TO DO - Look below for the line that contains "原厂正品LFE2M20SE-5FN256C全新IC FPGA 140 I/O 256FB" and the line that contains "WASHER FLUID PUMP WINDOW", then restate both of them and every line in between, exactly. No picture goes in the copy.

RECORDED DATA -

--

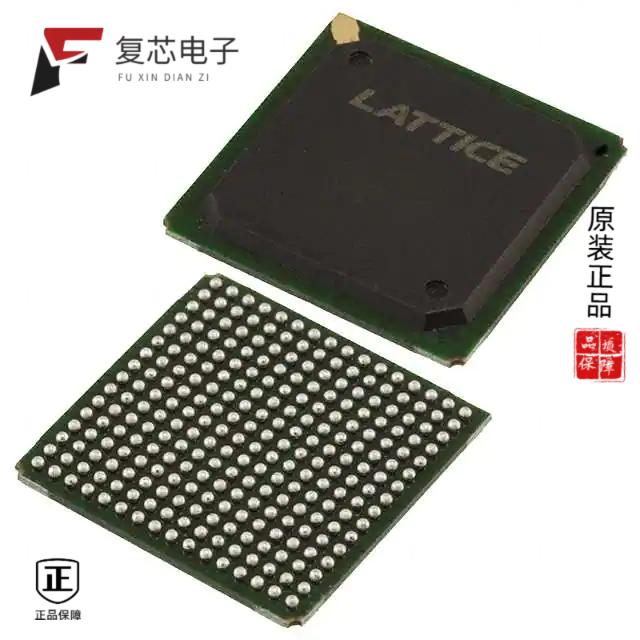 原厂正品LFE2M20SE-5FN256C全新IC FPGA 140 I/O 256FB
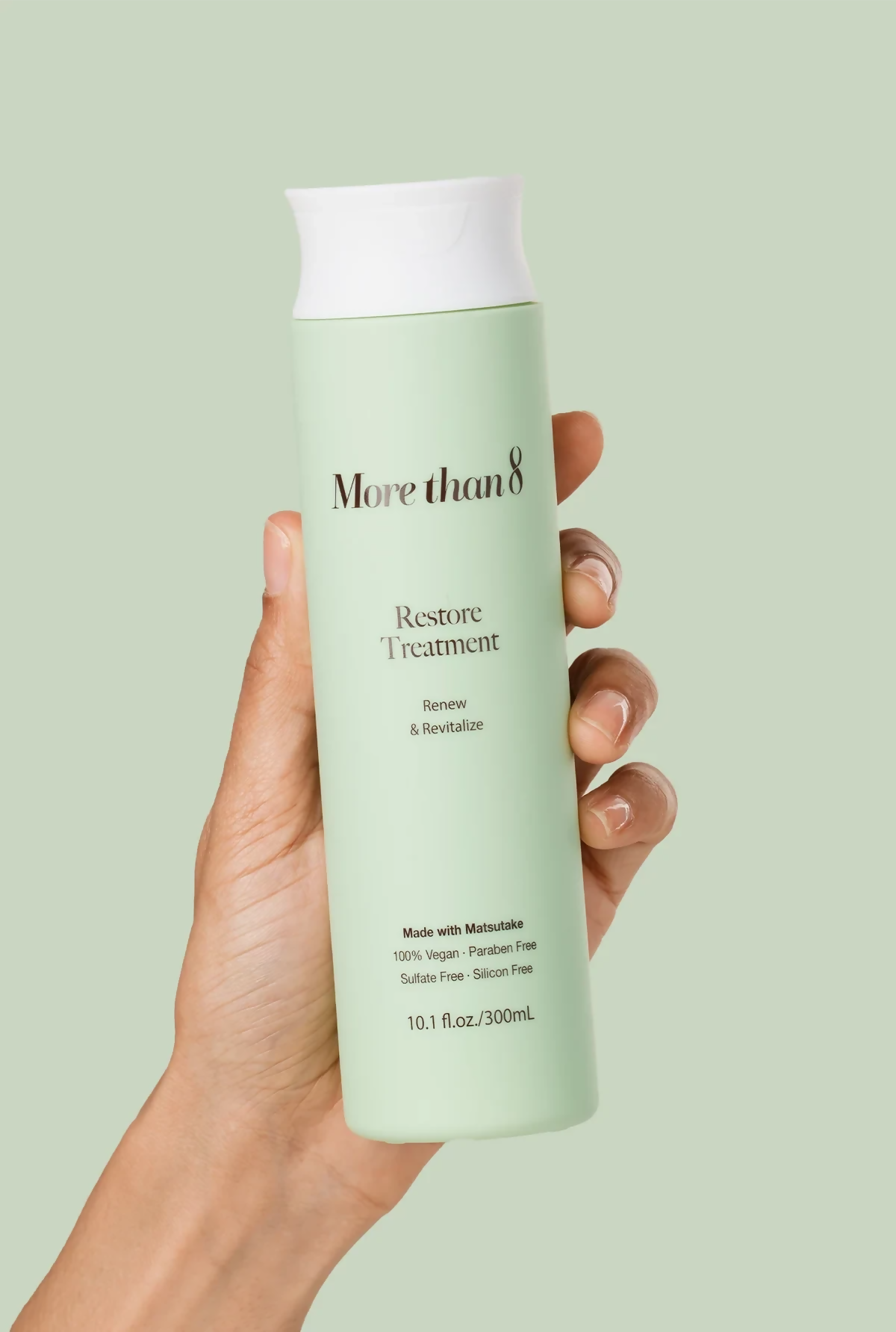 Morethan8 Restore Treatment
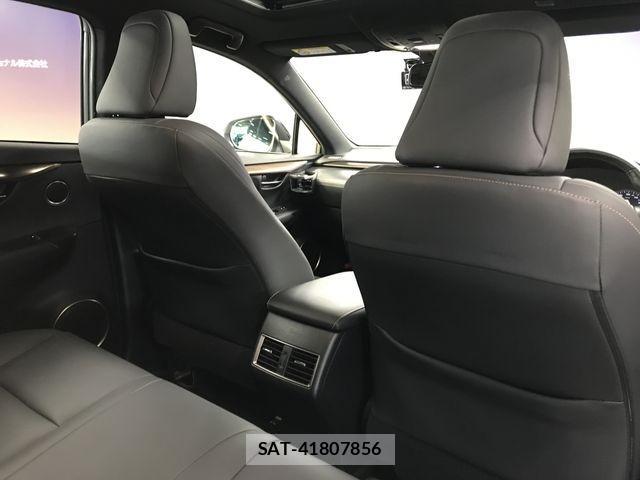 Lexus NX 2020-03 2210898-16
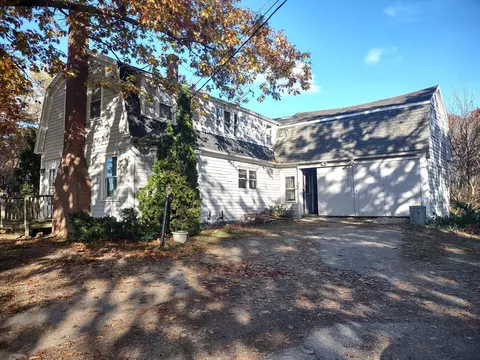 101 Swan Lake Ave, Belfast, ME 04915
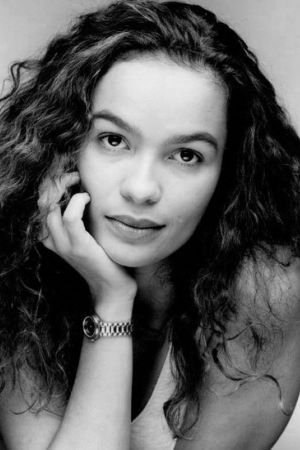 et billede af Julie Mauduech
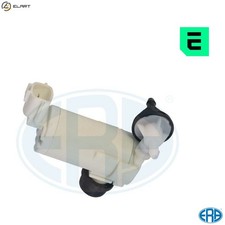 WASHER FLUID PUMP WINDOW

--

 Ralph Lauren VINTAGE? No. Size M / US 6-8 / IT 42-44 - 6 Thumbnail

--

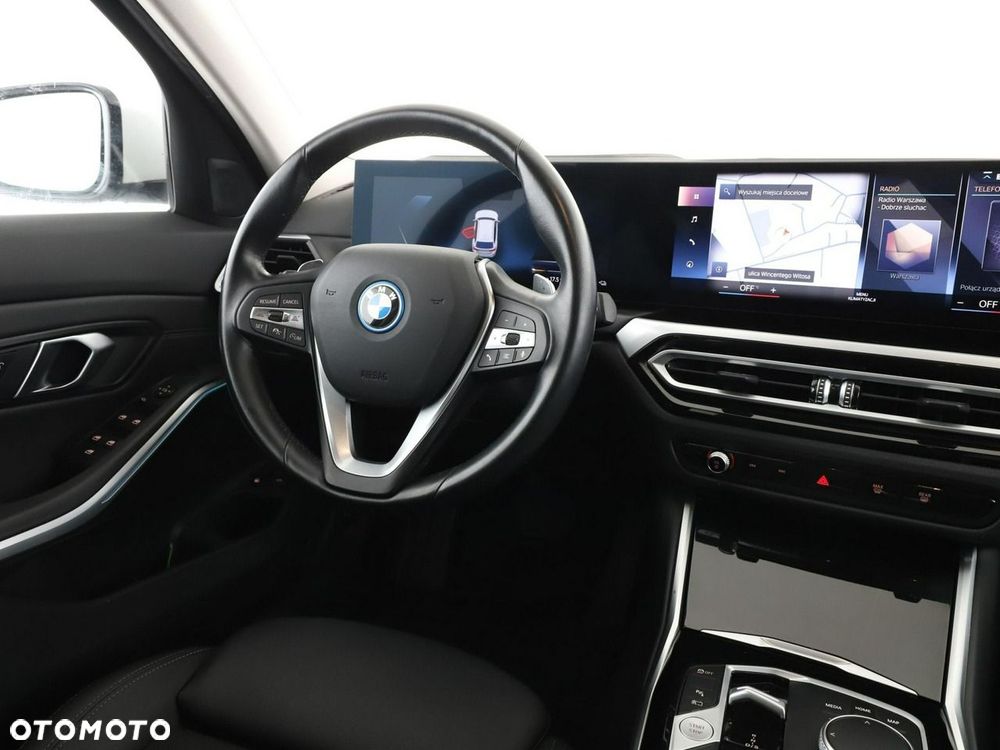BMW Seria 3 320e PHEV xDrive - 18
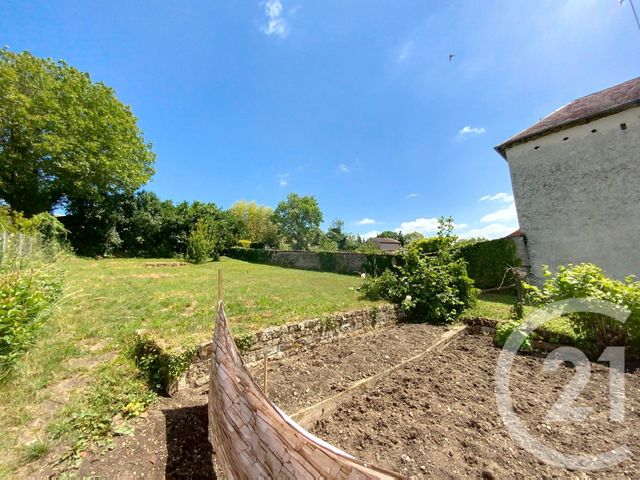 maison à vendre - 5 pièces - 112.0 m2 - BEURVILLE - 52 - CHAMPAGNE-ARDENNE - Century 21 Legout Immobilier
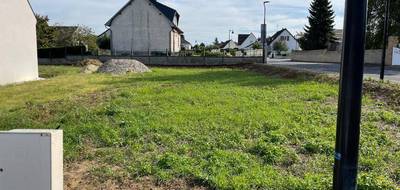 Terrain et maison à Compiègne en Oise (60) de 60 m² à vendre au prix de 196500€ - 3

--

RESPONSE TO THIS EXERCISE -
 原厂正品LFE2M20SE-5FN256C全新IC FPGA 140 I/O 256FB
 Morethan8 Restore Treatment
 Lexus NX 2020-03 2210898-16
 101 Swan Lake Ave, Belfast, ME 04915
 et billede af Julie Mauduech
 WASHER FLUID PUMP WINDOW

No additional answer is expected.